Exploring the data set, I started with the simplest cleaning steps and EDA functions. I checked for any missing values using the colsums(is.na()) and made sure that the smoke variable contained no NAs, making it perfect to calculate. Additionally, I also used functions such as head(), summary(), str(), table() to understand the structure of the data set. I calculated the smokers and creating a simplified the data set that just contains only the variables that are relevant to this study. In terms of visualization, I created a bar plot of smoking status to show the amount of individuals smoking versus the ones who don’t smoke, which is prefect because the variable is a categorical one.

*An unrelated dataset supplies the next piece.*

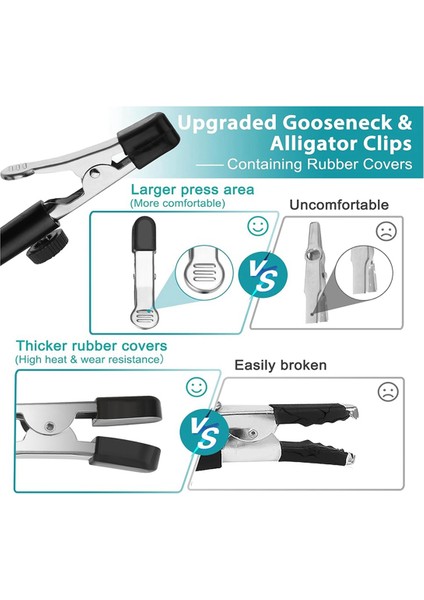 Lehimleme Istasyonu Yardımcısı, Lambalı 10X Büyüteç, Timsah Klipsli Pcb Standlı Büyüteçli Masa Lambası (Yurt Dışından) indirimleri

I also added a histogram to this study for age, providing a simple overview of the demographics.
library(tidyverse)
## ── Attaching core tidyverse packages ──────────────────────── tidyverse 2.0.0 ──
## ✔ dplyr 1.1.4 ✔ readr 2.1.5
## ✔ forcats 1.0.0 ✔ stringr 1.5.2
## ✔ ggplot2 4.0.0 ✔ tibble 3.3.0
## ✔ lubridate 1.9.4 ✔ tidyr 1.3.1
## ✔ purrr 1.1.0
## ── Conflicts ────────────────────────────────────────── tidyverse_conflicts() ──
## ✖ dplyr::filter() masks stats::filter()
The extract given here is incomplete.